» Exercise brief
Please repeat exactly the lines below from the line with "Recambio de puerta" to the line with "Bearbrick Jiang Shi 400% (28см)", including both, and leave out every picture.

» Supplied data
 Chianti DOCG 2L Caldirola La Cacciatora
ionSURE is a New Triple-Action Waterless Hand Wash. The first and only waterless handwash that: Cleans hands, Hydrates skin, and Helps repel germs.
---
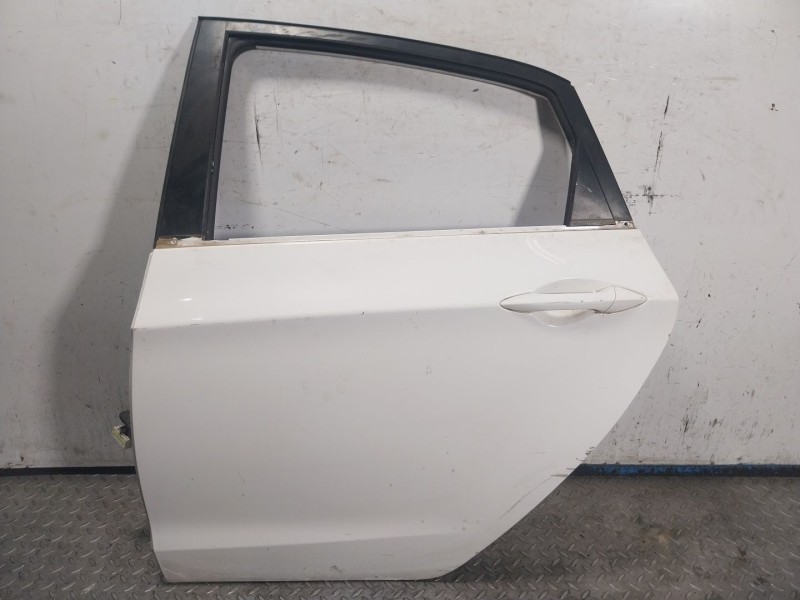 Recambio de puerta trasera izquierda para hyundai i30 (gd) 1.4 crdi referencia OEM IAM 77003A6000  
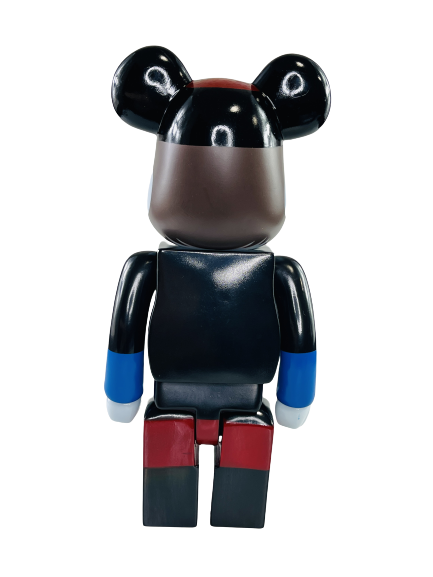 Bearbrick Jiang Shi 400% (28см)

» Your solution
 Recambio de puerta trasera izquierda para hyundai i30 (gd) 1.4 crdi referencia OEM IAM 77003A6000  
 Bearbrick Jiang Shi 400% (28см)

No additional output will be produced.